Saylor Hart, a senior at Foxcroft, said Davis empowered her by talking about ignoring the external pressures in society to better focus on individual goals.

“I think that it’s really important to do kind of that self-searching and that inner soul searching rather than looking to please those around you,” she said. “I think that was my biggest takeaway.”

Tuttle said the school selected Davis as this year’s fellow and keynote speaker because she has a different kind of story to tell. Davis’ first hike on the Appalachian Trail came as a solo trip in 2005 at the age of 21. Starting her hike in Georgia as a novice with her brother’s old Boy Scout gear, her hike was anything but a typical backpacking trip.

“I wanted to have an adventure after graduating college and before starting my career,” Davis said. “It was super challenging.”

Along the way, Davis was struck by lightning, gained the unwanted company of a male hiker, had her eye frozen shut in a snowstorm, got 137 mosquito bites in one day and found herself as the first person to arrive on the scene of a suicide.

“I didn’t expect it to be so transformational,” she said. “It kind of became the foundation for what I’ve been doing ever since.”

What Davis has been doing since then is hiking all over the world. She has hiked the Camino de Santiago in Spain, the Cotahuasi Canyon alongside missionaries in Peru, multiple trails around Hong Kong and in mainland China, the 19,000-foot-tall Mt. Kilimanjaro in Africa and the 600-mile Bibbulmun Track in Australia, which is modeled after the Appalachian Trail.

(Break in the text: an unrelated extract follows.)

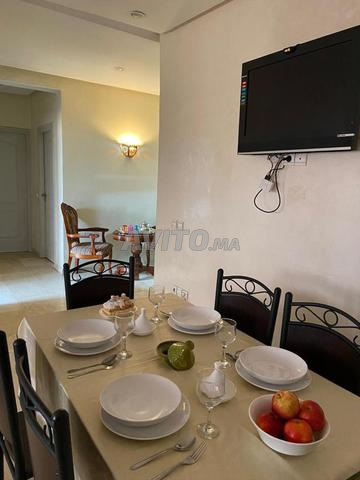 Appartement à vendre 84 m² à Marrakech - 2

Even after all of her journeys abroad, Davis said her favorite trail to hike is still the Appalachian. In fact, hiking internationally has made her appreciate the trail more than ever, with all its biodiversity and friendly community of hikers.

“It’s just kind of the best of everything,” she said. “It’s my first love so it stays special.”

After hiking the trail for the first time 13 years ago, she decided to hike it again just 12 days after marrying her husband, Brew, in 2008. This time, she hiked the trail in 57 days. It was at that point that she thought about setting a record. Three years later, she did that. In 2011, Davis hiked the trail in 46 days, 11 hours and 20 minutes to set the overall speed record among men and women, hiking an average of 46 miles each day.

“I’m really, really glad I had that experience,” she said. “Every day I’m glad I did it.”

Now married with two young children, Davis’ plans to set records and go on long excursions have died down a bit. She is, however, planning to hike the 300-mile Pinhoti Trail in Alabama and Georgia this year.

Her newest book, “The Pursuit of Endurance,” is also set for release in April. Davis said the book includes stories from other successful hikers and how they have matured through their journeys, just as Davis has.